To give you another example that I have been particularly interested in: Why should government run the schools of the country? There's no more reason for government to run the schools then there is for government to produce the automobile. And the schools are low quality on the average, just as automobiles would be of low quality if government produced them.
Q: You could probably talk for the rest of the day about what is wrong with public education. But what is most wrong about it today and how will choice fix that?
A: Well, there's no doubt what's most wrong about public education, and that is that it's a monopoly. The customer has no say. Schools are financed by the government but they're actually run by the teachers unions and education bureaucracy. And the schools pick the students, the students don't pick the schools, in general. What you need is competition.
Q: I'm sure you're familiar with the home-school movement, which has arisen over the last 10 years as form of competition to schools.
A: It is. And the fact that it is a form of competition shows how bad our schools are.

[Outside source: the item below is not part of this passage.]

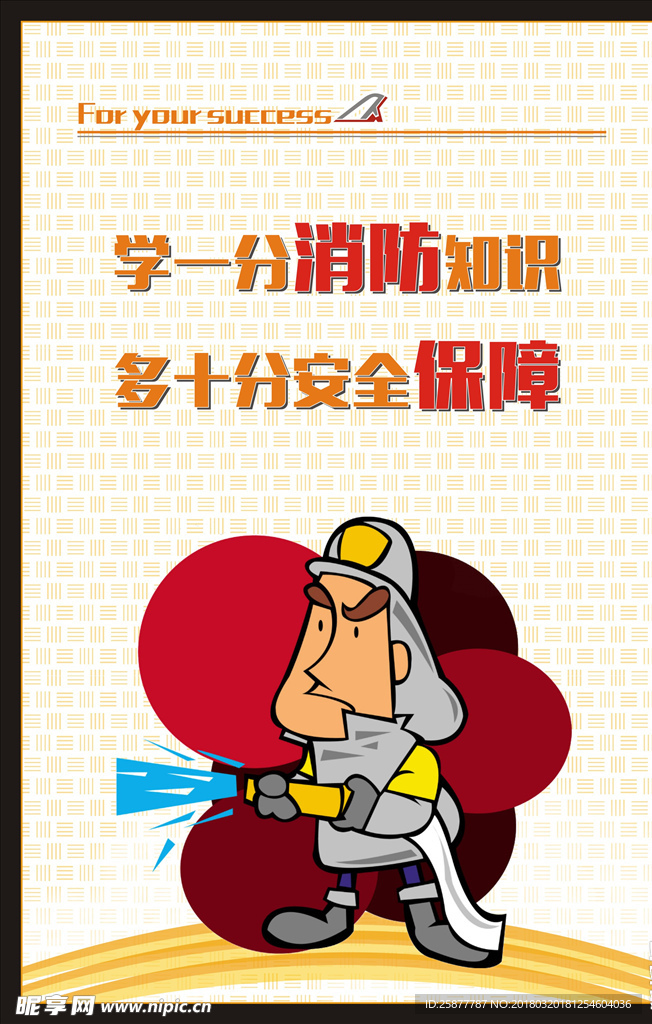 消防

Can you think of any other sophisticated product in which the home-made product is superior to the factory-made product?
Q: You have seen many incredible changes and advancements in your lifetime. What has been the most heartening in the last 10 or 12 years?

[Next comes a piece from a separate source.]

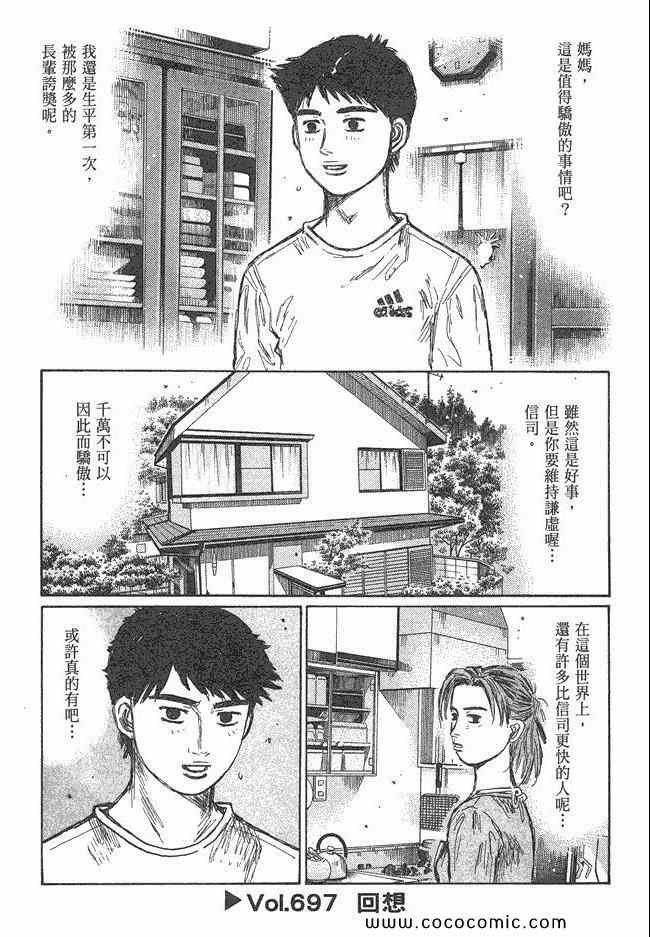 第47卷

A: The fall of the Berlin Wall and the collapse of the communist system has undoubtedly been the most heartening fact.
Q: That is a metaphor for those ideas that they represented as well.
A: Absolutely, you've had this intellectual argument going on between collectivism and individualism, communism or socialism on the one hand and private enterprise and free markets on the other. The collapse of the Soviet Union has put an end to that. There's nobody any longer who argues effectively for collectivism.
Q: You've been a fierce advocate of legalizing drugs. Why is that?
A: Because I think the basic prohibition of drugs is fundamentally immoral. The strongest argument: How can we justify destroying Colombia, causing thousands of deaths in Colombia, because we can not enforce our own laws? If we could enforce our laws against the use of drugs, there'd be no market for them.
In every way you look at it, it is an immoral law. It causes a loss in our freedom. The forfeiture law, which enables the drug police to expropriate property without due process of law, to enter a house without an adequate search warrant.
Those have all been destroying our fundamental freedoms. The police have been corrupted, the public has been corrupted. It's a fundamentally immoral law. Again, if the government can tell me what I may put in my mouth, what's to prevent it from telling me what I can put in my head?
Q: You're on the list of anybody who draws up the list of the most influential Americans of the 20th century. You're on it. What is it that you have done, in your own mind, what will be your greatest legacy?
A: I really think that's for somebody else to say.